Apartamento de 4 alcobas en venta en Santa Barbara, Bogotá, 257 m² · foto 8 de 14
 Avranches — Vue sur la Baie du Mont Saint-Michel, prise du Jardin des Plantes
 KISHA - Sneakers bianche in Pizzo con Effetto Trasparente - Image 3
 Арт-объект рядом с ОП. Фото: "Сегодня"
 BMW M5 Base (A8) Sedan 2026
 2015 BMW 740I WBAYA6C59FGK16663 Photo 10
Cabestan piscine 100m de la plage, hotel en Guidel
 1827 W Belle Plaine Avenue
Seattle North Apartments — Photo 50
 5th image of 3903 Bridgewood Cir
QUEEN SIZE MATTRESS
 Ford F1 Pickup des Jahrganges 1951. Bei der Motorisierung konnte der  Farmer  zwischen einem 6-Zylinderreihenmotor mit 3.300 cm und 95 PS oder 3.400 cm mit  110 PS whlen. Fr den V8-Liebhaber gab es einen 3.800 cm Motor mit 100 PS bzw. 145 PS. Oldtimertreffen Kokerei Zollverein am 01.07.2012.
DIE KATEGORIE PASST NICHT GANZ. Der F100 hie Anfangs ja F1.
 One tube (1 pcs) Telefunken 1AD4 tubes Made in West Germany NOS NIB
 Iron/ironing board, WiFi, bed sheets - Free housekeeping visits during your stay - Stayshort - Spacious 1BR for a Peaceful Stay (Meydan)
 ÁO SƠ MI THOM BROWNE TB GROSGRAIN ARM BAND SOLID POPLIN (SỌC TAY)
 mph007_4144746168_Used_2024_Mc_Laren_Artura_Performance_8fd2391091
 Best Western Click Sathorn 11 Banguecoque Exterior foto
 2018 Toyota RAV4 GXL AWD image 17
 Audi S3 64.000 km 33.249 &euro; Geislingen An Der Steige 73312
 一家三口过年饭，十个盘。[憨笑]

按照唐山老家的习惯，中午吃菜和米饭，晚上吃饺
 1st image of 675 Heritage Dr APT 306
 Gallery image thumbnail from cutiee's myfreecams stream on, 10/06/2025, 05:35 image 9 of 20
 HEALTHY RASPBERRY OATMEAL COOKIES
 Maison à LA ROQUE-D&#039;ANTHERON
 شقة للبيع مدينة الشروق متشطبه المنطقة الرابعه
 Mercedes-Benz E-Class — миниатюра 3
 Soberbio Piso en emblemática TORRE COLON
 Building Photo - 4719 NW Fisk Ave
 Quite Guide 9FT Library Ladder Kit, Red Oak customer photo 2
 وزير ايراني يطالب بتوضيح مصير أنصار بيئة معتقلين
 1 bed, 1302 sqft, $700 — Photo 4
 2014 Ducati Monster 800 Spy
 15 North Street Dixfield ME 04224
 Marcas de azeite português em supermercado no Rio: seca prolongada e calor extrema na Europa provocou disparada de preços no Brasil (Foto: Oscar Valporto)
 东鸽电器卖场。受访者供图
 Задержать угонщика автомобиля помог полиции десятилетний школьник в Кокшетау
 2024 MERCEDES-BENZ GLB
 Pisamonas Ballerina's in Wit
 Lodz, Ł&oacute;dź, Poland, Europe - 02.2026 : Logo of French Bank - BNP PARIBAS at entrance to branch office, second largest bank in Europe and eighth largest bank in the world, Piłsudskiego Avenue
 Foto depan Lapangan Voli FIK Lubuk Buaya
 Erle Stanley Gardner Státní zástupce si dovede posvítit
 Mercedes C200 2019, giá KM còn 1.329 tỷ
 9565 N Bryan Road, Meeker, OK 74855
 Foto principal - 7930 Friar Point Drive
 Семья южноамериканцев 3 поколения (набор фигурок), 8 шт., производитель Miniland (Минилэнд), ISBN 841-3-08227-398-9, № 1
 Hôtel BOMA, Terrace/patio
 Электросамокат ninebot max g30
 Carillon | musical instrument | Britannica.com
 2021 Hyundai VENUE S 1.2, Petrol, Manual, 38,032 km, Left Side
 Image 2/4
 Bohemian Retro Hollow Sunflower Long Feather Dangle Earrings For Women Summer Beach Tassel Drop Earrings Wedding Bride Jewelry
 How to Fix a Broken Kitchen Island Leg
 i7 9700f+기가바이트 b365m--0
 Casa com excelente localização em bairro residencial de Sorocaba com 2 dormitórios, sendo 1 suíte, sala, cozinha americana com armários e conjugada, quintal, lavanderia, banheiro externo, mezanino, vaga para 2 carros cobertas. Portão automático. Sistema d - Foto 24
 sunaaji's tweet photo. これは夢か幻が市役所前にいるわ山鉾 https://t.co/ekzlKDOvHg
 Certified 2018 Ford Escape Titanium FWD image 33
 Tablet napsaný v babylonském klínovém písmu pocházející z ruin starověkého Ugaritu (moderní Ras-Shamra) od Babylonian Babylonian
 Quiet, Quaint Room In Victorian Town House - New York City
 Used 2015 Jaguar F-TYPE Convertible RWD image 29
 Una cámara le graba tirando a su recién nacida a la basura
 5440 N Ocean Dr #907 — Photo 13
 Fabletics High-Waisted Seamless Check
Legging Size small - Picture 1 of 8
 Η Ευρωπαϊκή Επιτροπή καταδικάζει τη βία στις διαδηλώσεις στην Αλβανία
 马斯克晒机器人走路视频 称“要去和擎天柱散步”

**Problem**
Every single record is to be set down again, unaltered.

**Result**
Apartamento de 4 alcobas en venta en Santa Barbara, Bogotá, 257 m² · foto 8 de 14
 Avranches — Vue sur la Baie du Mont Saint-Michel, prise du Jardin des Plantes
 KISHA - Sneakers bianche in Pizzo con Effetto Trasparente - Image 3
 Арт-объект рядом с ОП. Фото: "Сегодня"
 BMW M5 Base (A8) Sedan 2026
 2015 BMW 740I WBAYA6C59FGK16663 Photo 10
Cabestan piscine 100m de la plage, hotel en Guidel
 1827 W Belle Plaine Avenue
Seattle North Apartments — Photo 50
 5th image of 3903 Bridgewood Cir
QUEEN SIZE MATTRESS
 Ford F1 Pickup des Jahrganges 1951. Bei der Motorisierung konnte der  Farmer  zwischen einem 6-Zylinderreihenmotor mit 3.300 cm und 95 PS oder 3.400 cm mit  110 PS whlen. Fr den V8-Liebhaber gab es einen 3.800 cm Motor mit 100 PS bzw. 145 PS. Oldtimertreffen Kokerei Zollverein am 01.07.2012.
DIE KATEGORIE PASST NICHT GANZ. Der F100 hie Anfangs ja F1.
 One tube (1 pcs) Telefunken 1AD4 tubes Made in West Germany NOS NIB
 Iron/ironing board, WiFi, bed sheets - Free housekeeping visits during your stay - Stayshort - Spacious 1BR for a Peaceful Stay (Meydan)
 ÁO SƠ MI THOM BROWNE TB GROSGRAIN ARM BAND SOLID POPLIN (SỌC TAY)
 mph007_4144746168_Used_2024_Mc_Laren_Artura_Performance_8fd2391091
 Best Western Click Sathorn 11 Banguecoque Exterior foto
 2018 Toyota RAV4 GXL AWD image 17
 Audi S3 64.000 km 33.249 &euro; Geislingen An Der Steige 73312
 一家三口过年饭，十个盘。[憨笑]

按照唐山老家的习惯，中午吃菜和米饭，晚上吃饺
 1st image of 675 Heritage Dr APT 306
 Gallery image thumbnail from cutiee's myfreecams stream on, 10/06/2025, 05:35 image 9 of 20
 HEALTHY RASPBERRY OATMEAL COOKIES
 Maison à LA ROQUE-D&#039;ANTHERON
 شقة للبيع مدينة الشروق متشطبه المنطقة الرابعه
 Mercedes-Benz E-Class — миниатюра 3
 Soberbio Piso en emblemática TORRE COLON
 Building Photo - 4719 NW Fisk Ave
 Quite Guide 9FT Library Ladder Kit, Red Oak customer photo 2
 وزير ايراني يطالب بتوضيح مصير أنصار بيئة معتقلين
 1 bed, 1302 sqft, $700 — Photo 4
 2014 Ducati Monster 800 Spy
 15 North Street Dixfield ME 04224
 Marcas de azeite português em supermercado no Rio: seca prolongada e calor extrema na Europa provocou disparada de preços no Brasil (Foto: Oscar Valporto)
 东鸽电器卖场。受访者供图
 Задержать угонщика автомобиля помог полиции десятилетний школьник в Кокшетау
 2024 MERCEDES-BENZ GLB
 Pisamonas Ballerina's in Wit
 Lodz, Ł&oacute;dź, Poland, Europe - 02.2026 : Logo of French Bank - BNP PARIBAS at entrance to branch office, second largest bank in Europe and eighth largest bank in the world, Piłsudskiego Avenue
 Foto depan Lapangan Voli FIK Lubuk Buaya
 Erle Stanley Gardner Státní zástupce si dovede posvítit
 Mercedes C200 2019, giá KM còn 1.329 tỷ
 9565 N Bryan Road, Meeker, OK 74855
 Foto principal - 7930 Friar Point Drive
 Семья южноамериканцев 3 поколения (набор фигурок), 8 шт., производитель Miniland (Минилэнд), ISBN 841-3-08227-398-9, № 1
 Hôtel BOMA, Terrace/patio
 Электросамокат ninebot max g30
 Carillon | musical instrument | Britannica.com
 2021 Hyundai VENUE S 1.2, Petrol, Manual, 38,032 km, Left Side
 Image 2/4
 Bohemian Retro Hollow Sunflower Long Feather Dangle Earrings For Women Summer Beach Tassel Drop Earrings Wedding Bride Jewelry
 How to Fix a Broken Kitchen Island Leg
 i7 9700f+기가바이트 b365m--0
 Casa com excelente localização em bairro residencial de Sorocaba com 2 dormitórios, sendo 1 suíte, sala, cozinha americana com armários e conjugada, quintal, lavanderia, banheiro externo, mezanino, vaga para 2 carros cobertas. Portão automático. Sistema d - Foto 24
 sunaaji's tweet photo. これは夢か幻が市役所前にいるわ山鉾 https://t.co/ekzlKDOvHg
 Certified 2018 Ford Escape Titanium FWD image 33
 Tablet napsaný v babylonském klínovém písmu pocházející z ruin starověkého Ugaritu (moderní Ras-Shamra) od Babylonian Babylonian
 Quiet, Quaint Room In Victorian Town House - New York City
 Used 2015 Jaguar F-TYPE Convertible RWD image 29
 Una cámara le graba tirando a su recién nacida a la basura
 5440 N Ocean Dr #907 — Photo 13
 Fabletics High-Waisted Seamless Check
Legging Size small - Picture 1 of 8
 Η Ευρωπαϊκή Επιτροπή καταδικάζει τη βία στις διαδηλώσεις στην Αλβανία
 马斯克晒机器人走路视频 称“要去和擎天柱散步”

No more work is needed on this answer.